Sunday, March 29, 2009

How to Solve Toddler Tantrums: Let Daddy Be King Lion

Health and Science for Sunday 032909

Hey folks,

While I was looking for something to talk about in this week's Health and Science Segment, I came across the duh factor of Toddlers do not think like Adults, therefore this is why they do not always do what you want them to. But then I caught this. This is by our friend Meredith F. Small. You know her, you love her. She is wrong 90 percent of the time, but she seems to be a good person. {Smile}

Ms Small actually wrote this last year, but being a Neanderthal, I know from first hand experience that this is actually close to being true. Not exactly, but along the same lines. I know, it does kind of fit in the Duh Category, but some really do not get the concept. This is also something that our good Friend Dr. Laura preaches about all the time.
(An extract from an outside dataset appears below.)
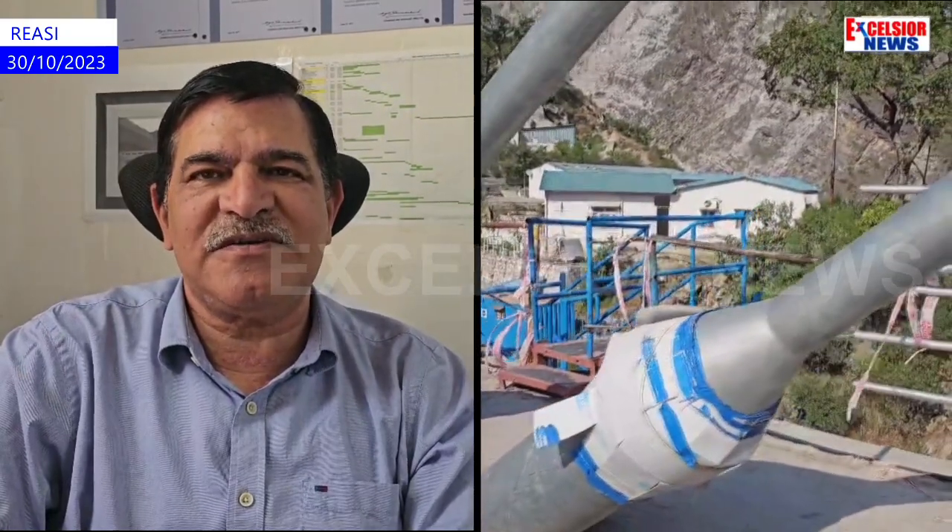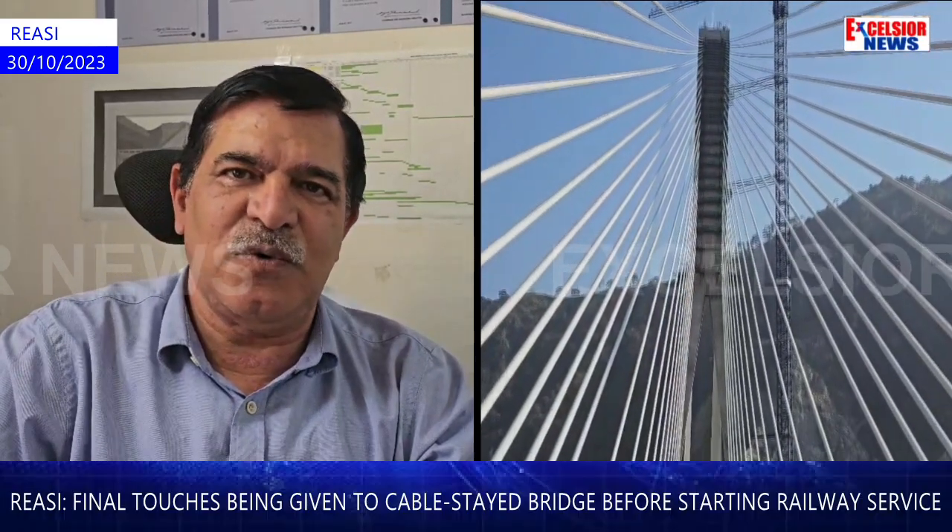After checking the final stations, the ballast retainer has been completed. The track will be completed next.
Here is what I'm talking about.

Live Science - How to Solve Toddler Tantrums: Think Like a Neanderthal

By Meredith F. Small

You're in a store, little kid in hand, and then suddenly she tries to pull away. You bend down and whisper quietly in her ear, "Stay with Mommy, honey," knowing full well that this reasonable request is a foolish attempt to dampen the temper tantrum that is rising like a tsunami inside your kid. With a pounding heart, you scoop her up and run from the store before someone shouts, "Bad parent. Dreadful child. Get out!"

You know, just as a side note, notice how Ms Small always talks about Females? I'm not saying anything. Just saying.
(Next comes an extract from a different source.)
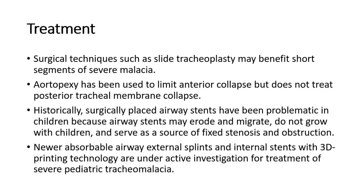Surgical techniques such as slide tracheoplasty may benefit short segments of severe malacia. Aortopexy has been used to limit anterior collapse, but does not treat posterior tracheal membrane collapse. Historically, surgically placed airway stents have been problematic in children because they may erode and migrate, do not grow with children, and serve as a source of fixed stenosis and obstruction.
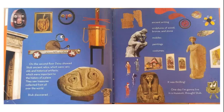On the second floor, Daisy showed Stub ancient relics, which were very old, and historical artifacts, which were important to the history of a place. They saw treasures collected from all over the world. Stub discovered ancient writing, sculptures of wood, bronze, and stone, mobiles, paintings, costumes. It was thrilling.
No one knows why 2-year-olds have temper tantrums, but most of them do. It starts with mild anger over something simple but then quickly escalates into full blown fury dramatized by screaming, fist pounding, foot-stomping, and screaming. The child also descends psychologically into a place where they can't be reached by words or physical comfort, and parents stand by helpless and confused.

Clearly, the child is distressed, but to the parent, the distress seems way out of proportion to the situation. And it is physically stressful for the child, which suggests that there must be some evolutionary reason why temper tantrums are so universal for little kids.
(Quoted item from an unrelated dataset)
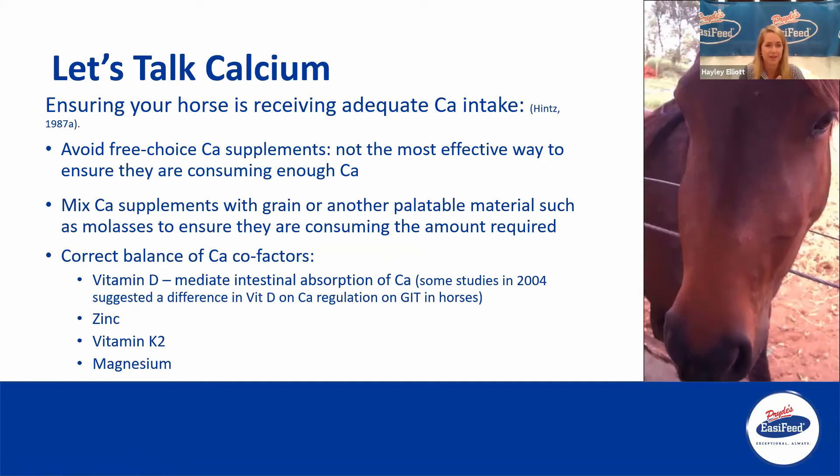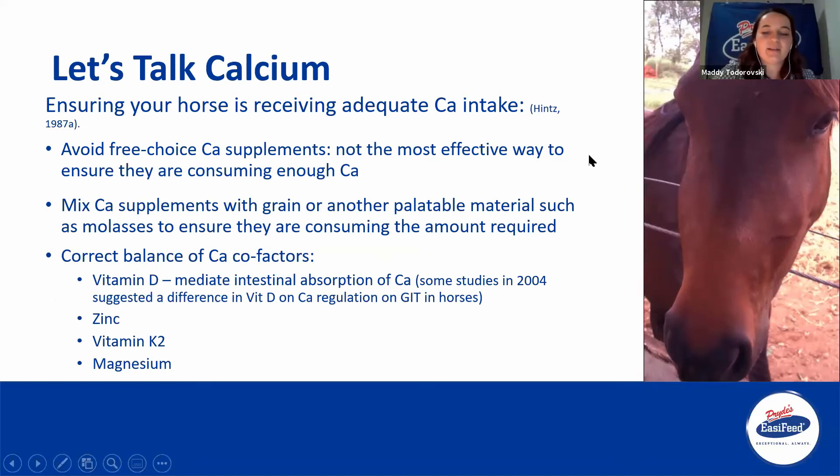Ensuring your horses receive adequate calcium intake: everyone knows there are mineral blocks out there that we can use, and we feel good knowing they can lick it as they want. However, if you want to ensure they're actually getting the most effective and correct amount of calcium, you're much better having a calcium supplement mixed with their grain — you can mix it in with something more palatable. Most horses love molasses, so we sometimes mix that in to make sure they're actually consuming the recommended amount. We do say to avoid free-choice calcium supplements, though it does get harder when you've got lots of horses in the paddock.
Uh, no. But we will leave the disturbelution stuff alone for now.

Pediatrician Harvey Karp, author of "The Happiest Toddler on the Block," and an expert in getting babies and toddlers to quiet down, claims that tantrums are an expected product of human development. He sees our little darlings as less-evolved savages driven by instinct and emotion, not thoughtful reasoning, and he suggests it's our job as parents to civilize them into Homo sapiens.

What it actually is folks, is that they have no experience to have learned from. We learn from experience. Do this, that happens. They have not done this yet, therefore they have no idea what that is. Nothing to do with "evolution." It is just the natural life experience or inexperience that causes this.

It goes on about "Evolution" and Dr. Spock type stuff. Leaving the Psychobabble, and disturbelution BS aside. Kids respond better to the Father than they do the Mother. Sorry. That is just simple fact. Here is where I agree with them, in a matter of speaking. The Father is like the King Lion. The Leader of the Pack of Wolves. The Father is the dominate Bear. It is the Father that should be the one to teach discipline, and the way the Child should go. Male and Female.

A Father need not reason, or relate with the Child. I know that when me and Josh are together, he is a prefect child. He plays, laughs, pouts if he does not get his way sometimes, but then refocuses on something else and goes back to learning and playing. When Mommy is with him, he does not get his way, he says "No," throws fits from time to time, and really get's Mommy's anger up. Why?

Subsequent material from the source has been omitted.